■ Your task ■
Reprint all of the data below exactly as shown and skip every image.

■ Given data ■
########################################

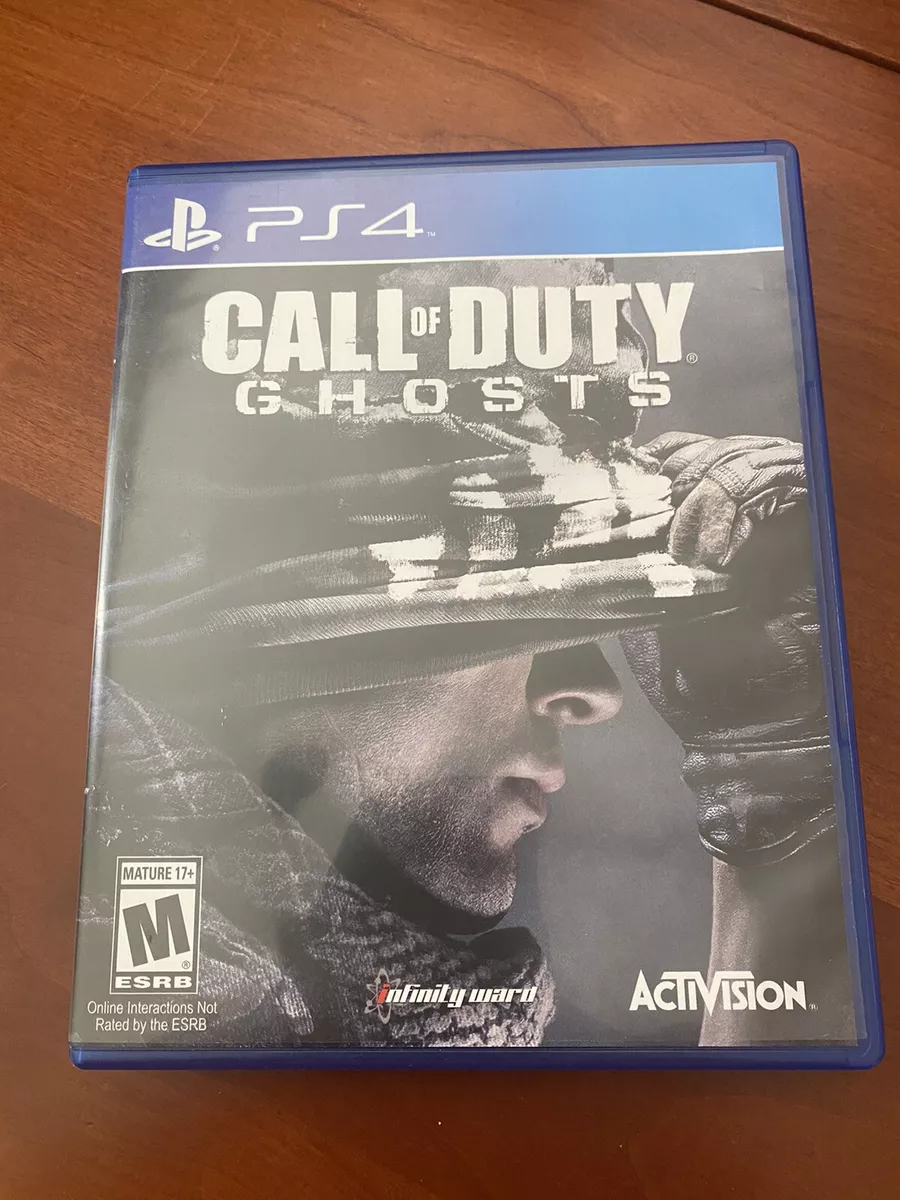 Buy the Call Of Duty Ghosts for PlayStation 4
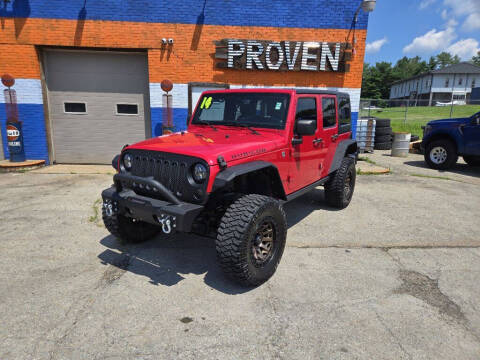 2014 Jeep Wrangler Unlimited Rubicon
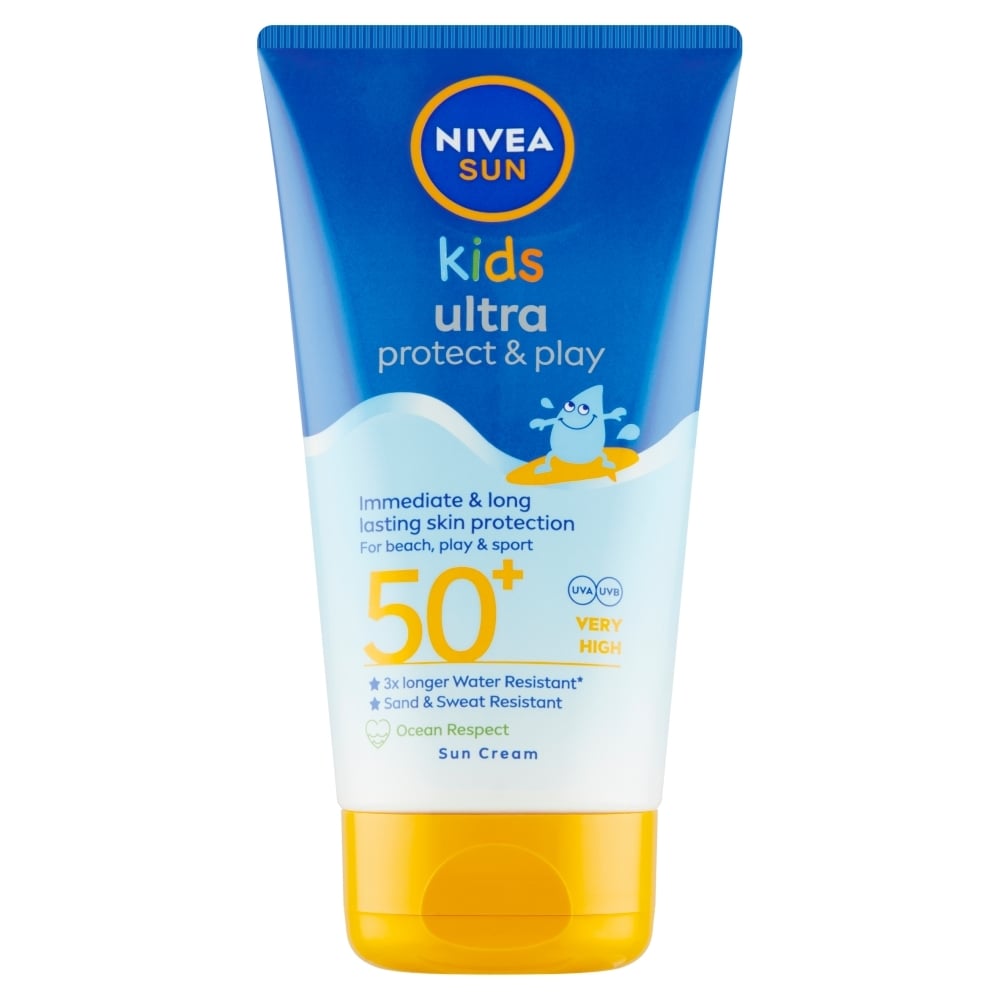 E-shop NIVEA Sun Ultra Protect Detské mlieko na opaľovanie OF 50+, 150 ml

########################################

■ Expected answer ■
 Buy the Call Of Duty Ghosts for PlayStation 4
 2014 Jeep Wrangler Unlimited Rubicon
 E-shop NIVEA Sun Ultra Protect Detské mlieko na opaľovanie OF 50+, 150 ml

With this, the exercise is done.